-- DATA SUPPLIED follows --

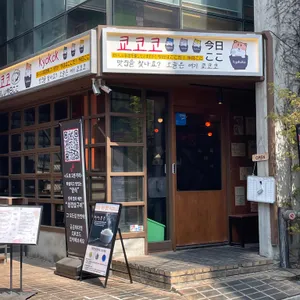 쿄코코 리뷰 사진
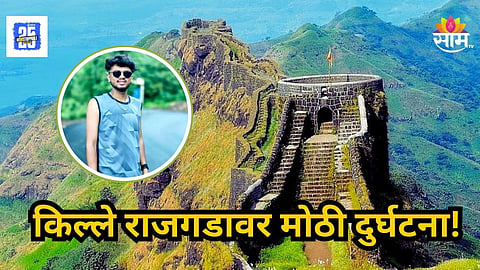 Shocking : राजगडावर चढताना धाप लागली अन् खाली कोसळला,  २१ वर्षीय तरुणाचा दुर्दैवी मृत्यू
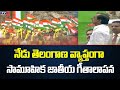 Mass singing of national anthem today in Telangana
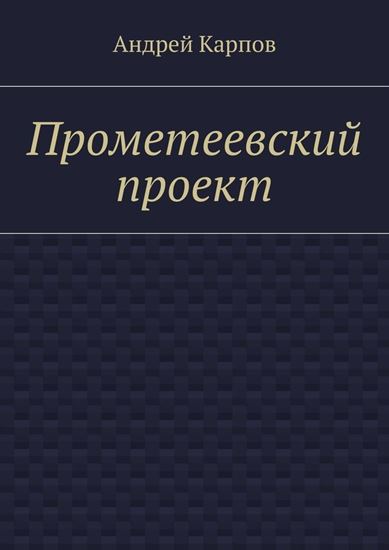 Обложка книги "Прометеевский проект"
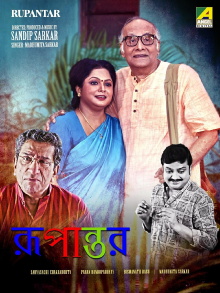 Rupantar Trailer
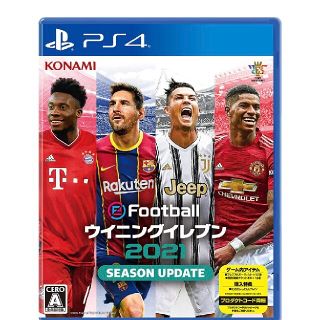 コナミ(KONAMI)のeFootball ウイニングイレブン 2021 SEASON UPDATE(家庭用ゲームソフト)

-- DATA SUPPLIED concluded --

**TRY IT:**
Which lines fall between the one containing "Rupantar Trailer" and the last line of the listing, both included? Give them again exactly, without the pictures.

**WRITTEN ANSWER:**
 Rupantar Trailer
 コナミ(KONAMI)のeFootball ウイニングイレブン 2021 SEASON UPDATE(家庭用ゲームソフト)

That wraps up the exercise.